Da importância de ser esquizofrênico

O professor Castro Rocha desconfia dos consensos sobre a crítica literária | Divulgação
O professor Castro Rocha desconfia dos consensos sobre a crítica literária (Foto: Divulgação)

Um dos ensaios brasileiros mais importantes da última década, Crítica Literária: em Busca do Tempo Perdido?, de João Cezar de Castro Rocha, foi publicado por uma editora universitária, a Argos, da Unochapecó. Essa denominação de origem apontaria necessariamente para uma postura de negação da crítica jornalística, pois são históricas as divergências de método entre a leitura de livros fora e dentro da universidade. A primeira qualidade deste livro, portanto, é que o autor evita o lugar comum de achar que a universidade deu a palavra final sobre o assunto.

Professor da UERJ, com carreira internacional, João Cezar vem se fazendo uma das vozes mais originais no debate intelectual brasileiro justamente por desconfiar dos consensos. Não existe crítica, e sim mero proselitismo, onde as ideias se sedimentaram. A crítica se afirma sempre como uma contraposição às hagiografias. Ela é um exercício de leitura – e de reconhecimento – do outro, naquilo que o outro muitas vozes nos nega, tirando-nos das zonas de conforto.

O autor traça neste livro a evolução da crítica brasileira em particular, mas em consonância com a internacional, no seu caminho de especialização. Deixando as páginas de jornais, e a linguagem de trânsito livre que elas pressupõem, as análises foram se encastelando na linguagem do exercício laboratorial das universidades, perdendo com isso o seu poder de diálogo. Desde meados do século 20, quando os professores universitários identificaram como inimigo o crítico de jornal, tido como um diletante, vem ocorrendo uma luta aberta entre esses dois polos. João Cezar analisa passo a passo, sempre com muitos dados, a polêmica entre a cátedra e o jornal, identificando como nociva esta atitude bélica.

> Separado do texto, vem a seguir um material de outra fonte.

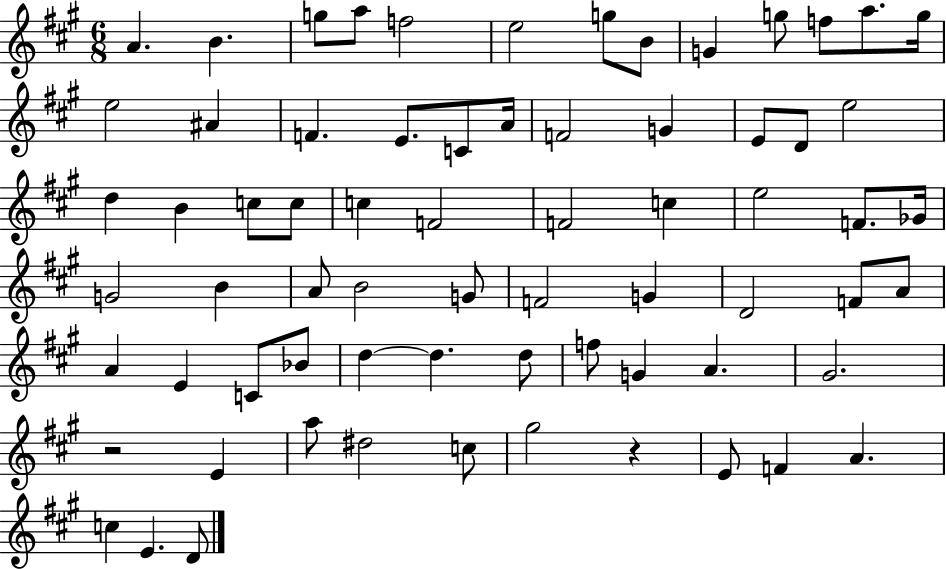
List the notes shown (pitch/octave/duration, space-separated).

A4/q. B4/q. G5/e A5/e F5/h E5/h G5/e B4/e G4/q G5/e F5/e A5/e. G5/s E5/h A#4/q F4/q. E4/e. C4/e A4/s F4/h G4/q E4/e D4/e E5/h D5/q B4/q C5/e C5/e C5/q F4/h F4/h C5/q E5/h F4/e. Gb4/s G4/h B4/q A4/e B4/h G4/e F4/h G4/q D4/h F4/e A4/e A4/q E4/q C4/e Bb4/e D5/q D5/q. D5/e F5/e G4/q A4/q. G#4/h. R/h E4/q A5/e D#5/h C5/e G#5/h R/q E4/e F4/q A4/q. C5/q E4/q. D4/e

As conclusões a que o autor chega são inquestionáveis. Enquanto críticos universitários tentavam enterrar os de rodapé, o jornalismo se modificou e quem ganhou centralidade foi o audiovisual, dominante não só nos jornais, mas nos próprios cursos de Letras. Em outras palavras, a universidade combateu tanto a crítica de jornal, mas o inimigo era outro, o entretenimento total: "A derrota da crítica do rodapé trouxe no seu bojo o triunfo dos meios audiovisuais; portanto, esta derrota também prenunciou a futura crise do ensino universitário [...], com seu número sempre crescente de alunos que leem cada vez menos literatura" [...] e de professores "cada vez mais preocupados em exibir dotes filosóficos, discutir os últimos lançamentos cinematográficos, além de ensaiar análises musicais" (p.352). Para reverter um pouco este quadro, João Cezar propõe uma superação das dicotomias por meio de uma atitude que ele chama de "esquizofrenia produtiva": a capacidade, tanto na área jornalística quanto na universitária, de ser "bilíngue em seu próprio idioma, aprendendo a falar com audiências diversas" (p. 159). Ou, como dirá depois: "fecundando o ensaísmo acadêmico com a clareza do texto jornalístico, e, ao mesmo tempo, enriquecendo a visão crítica dos cadernos culturais mediante a formação universitária" (p. 386).

Com uma proposta polêmica principalmente no meio universitário, aferrado à presunção intelectual, João Cezar aponta um caminho não de recuperação do rodapé, pois esse tempo está de fato perdido, mas de contaminação dos contrários. O próprio livro demonstra tal modelo ao se valer de uma linguagem aberta, que apresenta ao leitor pesquisas sérias, avessas aos clichês, num estilo ensaístico, com idas e voltas em torno de temas abordados por vários ângulos. Assim, mais do que um programa, Crítica Literária: em Busca do Tempo Perdido? é o primeiro grande fruto desta metodologia.

Serviço:

Crítica Literária: em Busca do Tempo Perdido?, de João Cezar de Castro Rocha. Editora Argos, 443 págs. Ensaio.